PROBLEM TO SOLVE ->
Reproduce the data below exactly. Skip the pictures.

GIVEN MATERIAL ->
● ● ● ●
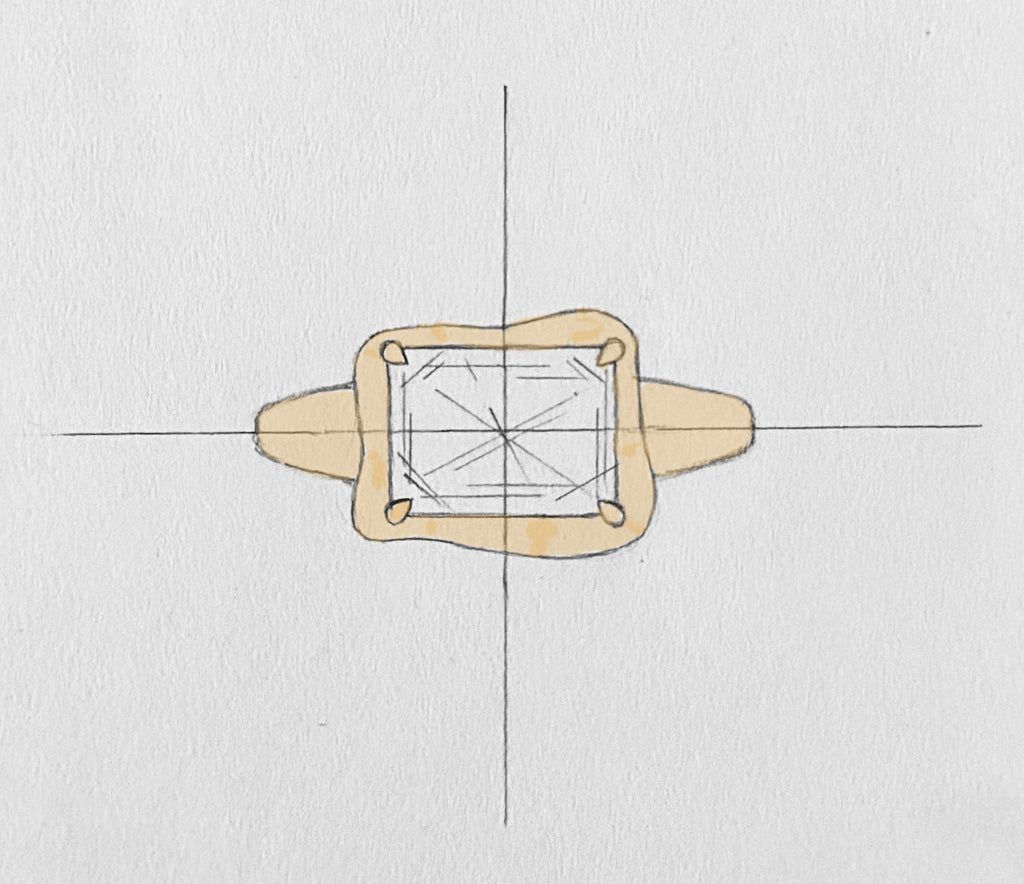 Emerald Cut Bezel Ring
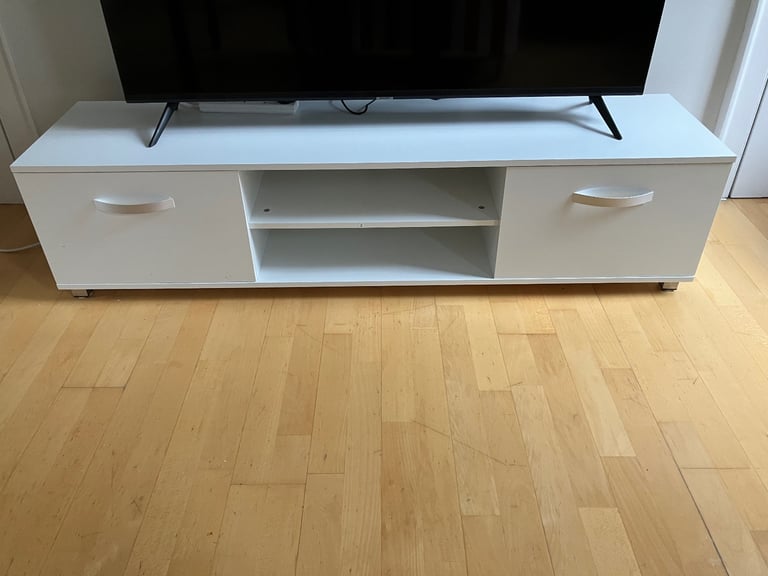 White TV stand with storage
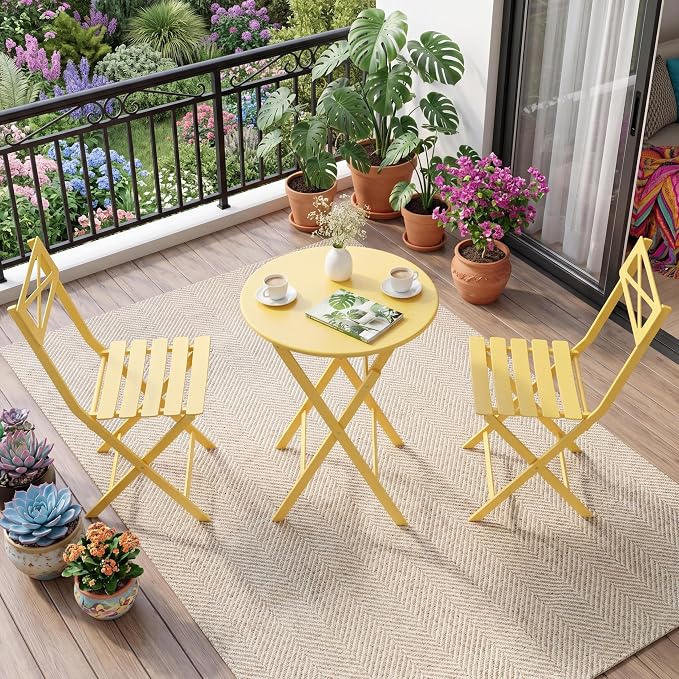 GarveeTech 3-Piece Folding Bistro Set, Heavy Duty Outdoor Patio Furniture by GarveeTech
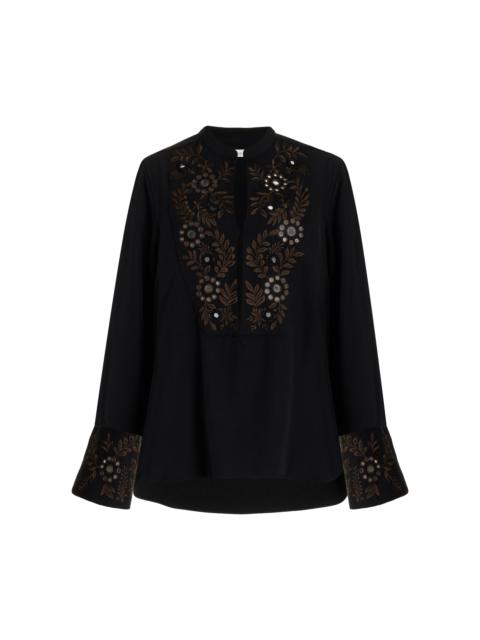 WALES BONNER Cairo Embroidered Grain de Poudre Wool Shirt black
● ● ● ●
TASK RESPONSE ->
 Emerald Cut Bezel Ring
 White TV stand with storage
 GarveeTech 3-Piece Folding Bistro Set, Heavy Duty Outdoor Patio Furniture by GarveeTech
 WALES BONNER Cairo Embroidered Grain de Poudre Wool Shirt black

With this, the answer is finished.